*WORK TASK*
Only one stretch of the data below is wanted: the lines from the one with "kaiyun入口2025新版，新增功能与使用体验升级" through the one with "配资平台预警网 暑期旅游持续升温 文明出行树形象", repeated exactly.

*SOURCE RECORDS*

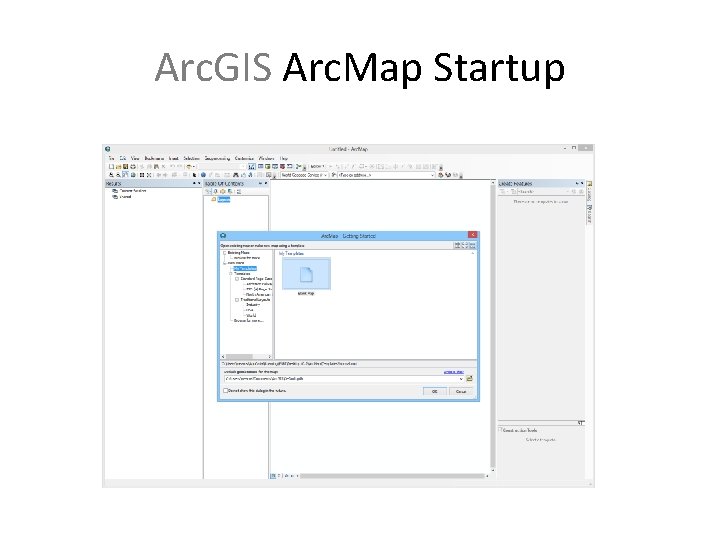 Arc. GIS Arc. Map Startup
...
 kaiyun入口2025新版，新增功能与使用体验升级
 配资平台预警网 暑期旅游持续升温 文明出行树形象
---
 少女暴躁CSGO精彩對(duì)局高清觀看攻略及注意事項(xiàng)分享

*ANSWER BELOW*
 kaiyun入口2025新版，新增功能与使用体验升级
 配资平台预警网 暑期旅游持续升温 文明出行树形象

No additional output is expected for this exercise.